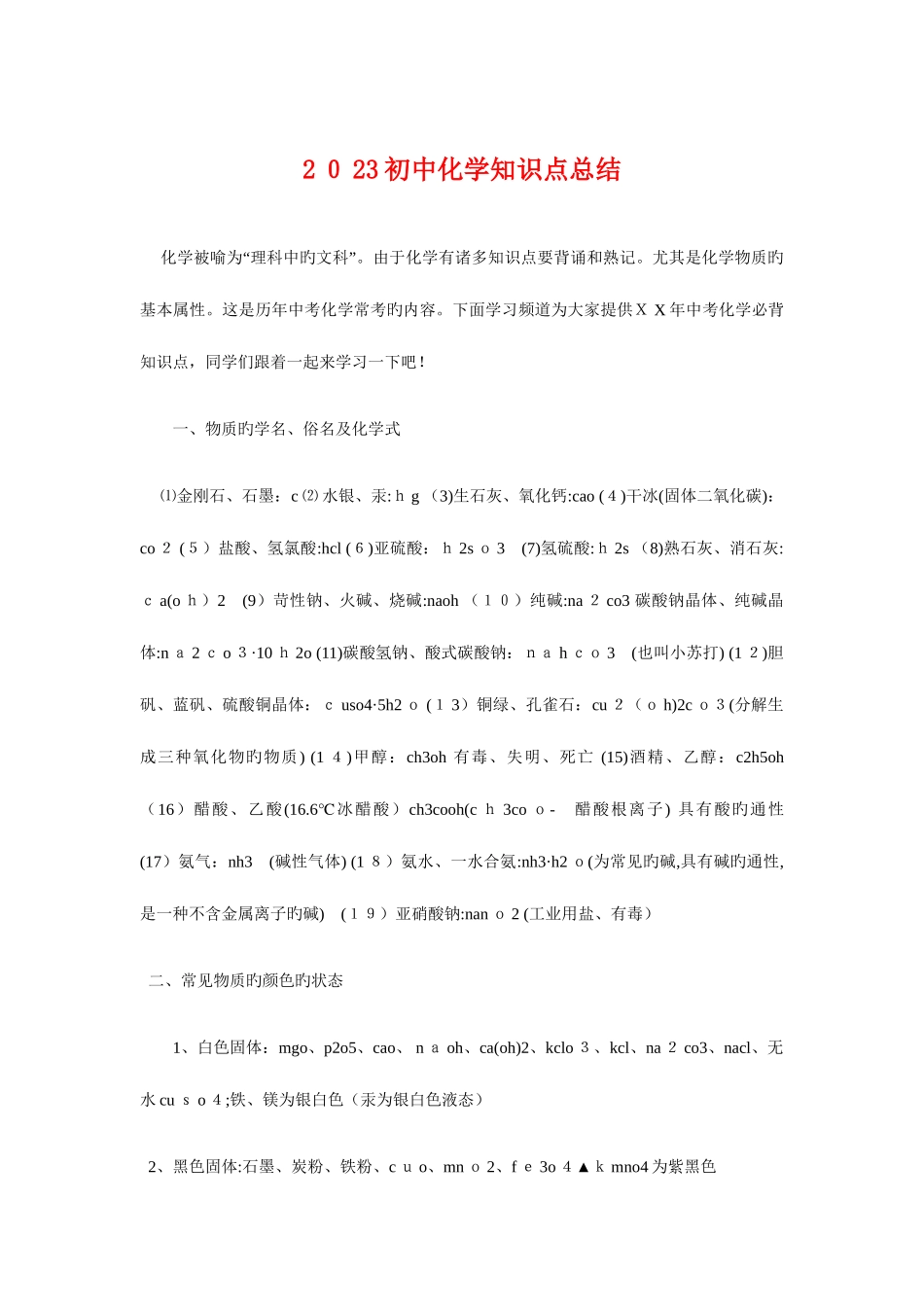 2025年初中化学知识点总结与前台接待工作总结汇编_第1页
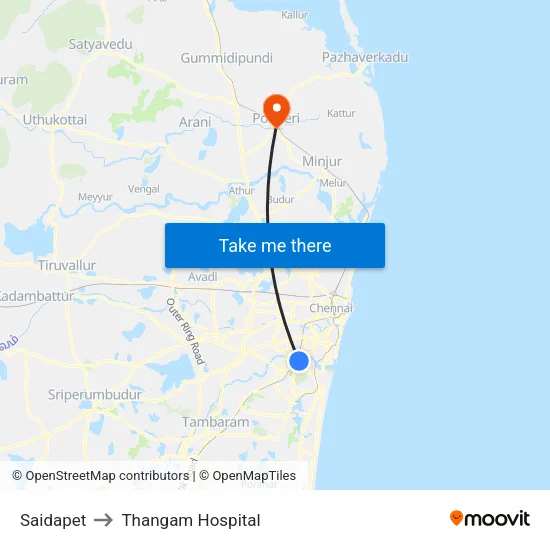 Saidapet to Thangam Hospital map
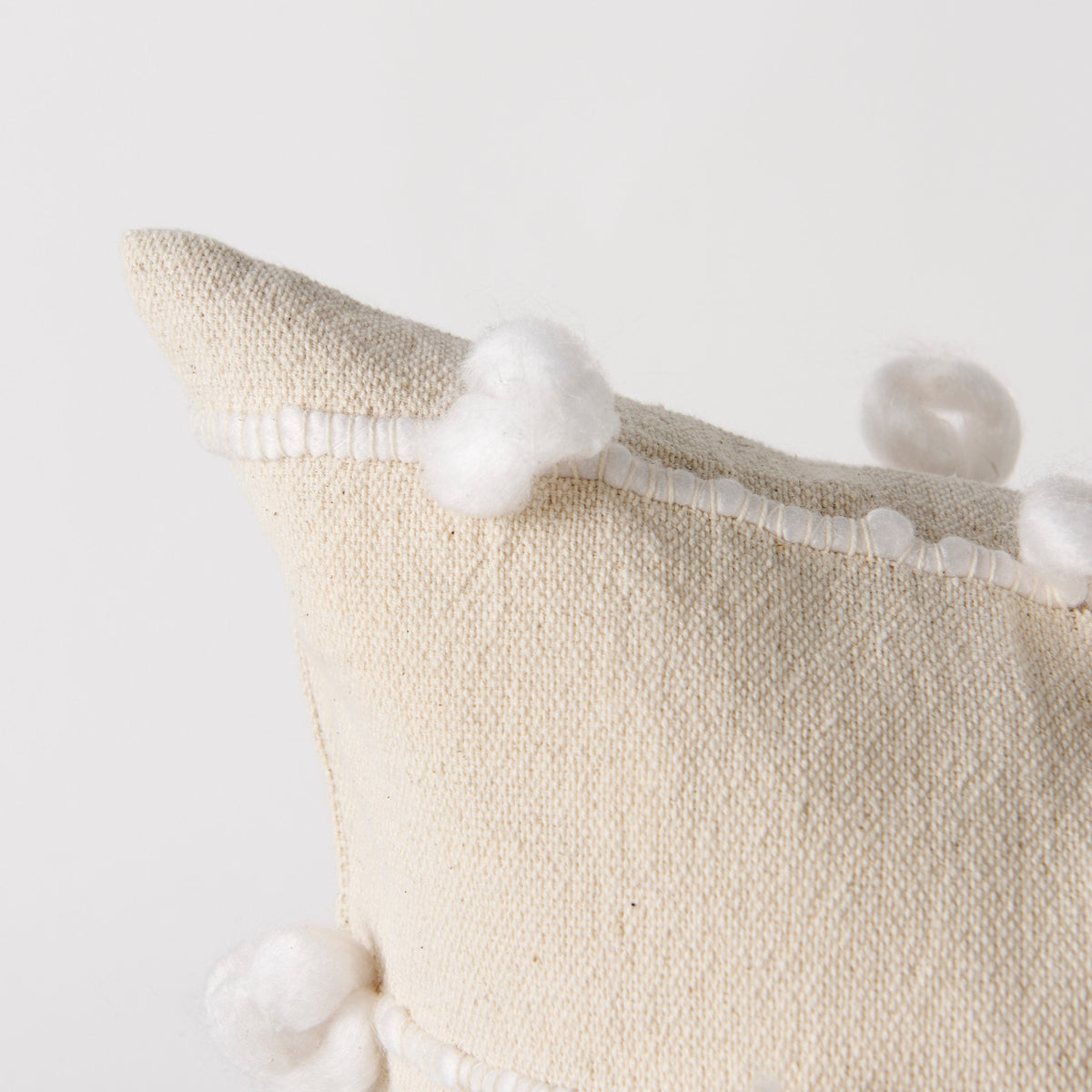 Erica 20x20 Cream With White Detail Pillow Cover-Decorative Pillows-DECOROLALA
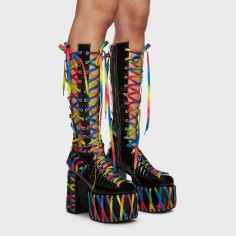 Round Toe Chunky Heels Platform Sweet Lace Up Rainbow Knee Highs Summer Boots - Black
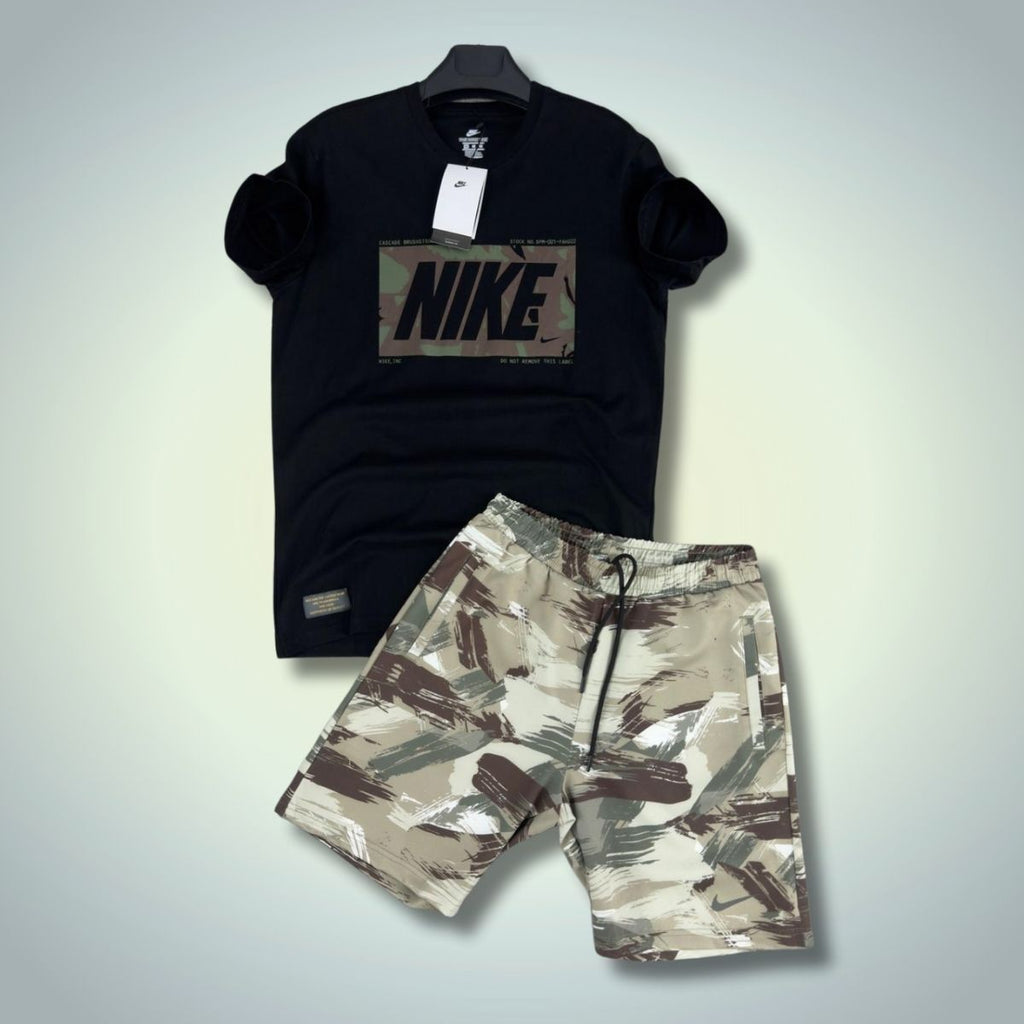 Nike moški komplet s kratkimi hlačami, Camo print, črna - bež. Vrhunska kakovost
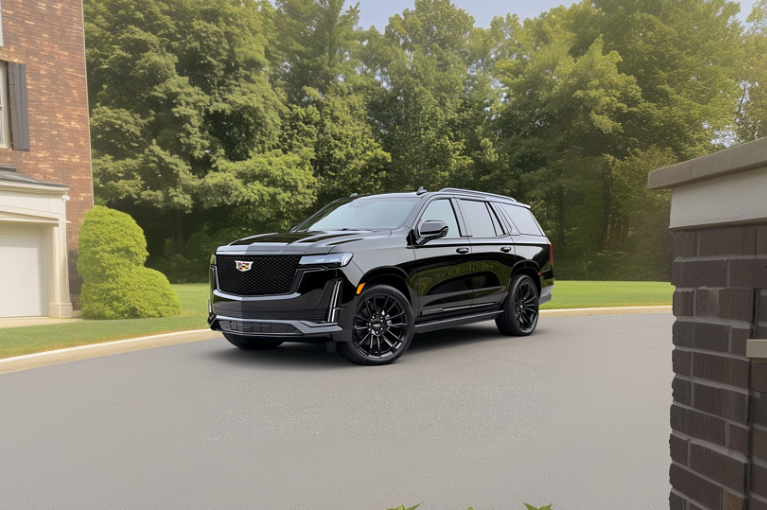 A 2024 Cadillac Escalade parked in an empty driveway of a brick house.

----------

What the exercise asks
Set down the full listing above with its wording unchanged. Leave out its images.

Expected answer
 2025年初中化学知识点总结与前台接待工作总结汇编_第1页
 Saidapet to Thangam Hospital map
 Erica 20x20 Cream With White Detail Pillow Cover-Decorative Pillows-DECOROLALA
 Round Toe Chunky Heels Platform Sweet Lace Up Rainbow Knee Highs Summer Boots - Black
 Nike moški komplet s kratkimi hlačami, Camo print, črna - bež. Vrhunska kakovost
 A 2024 Cadillac Escalade parked in an empty driveway of a brick house.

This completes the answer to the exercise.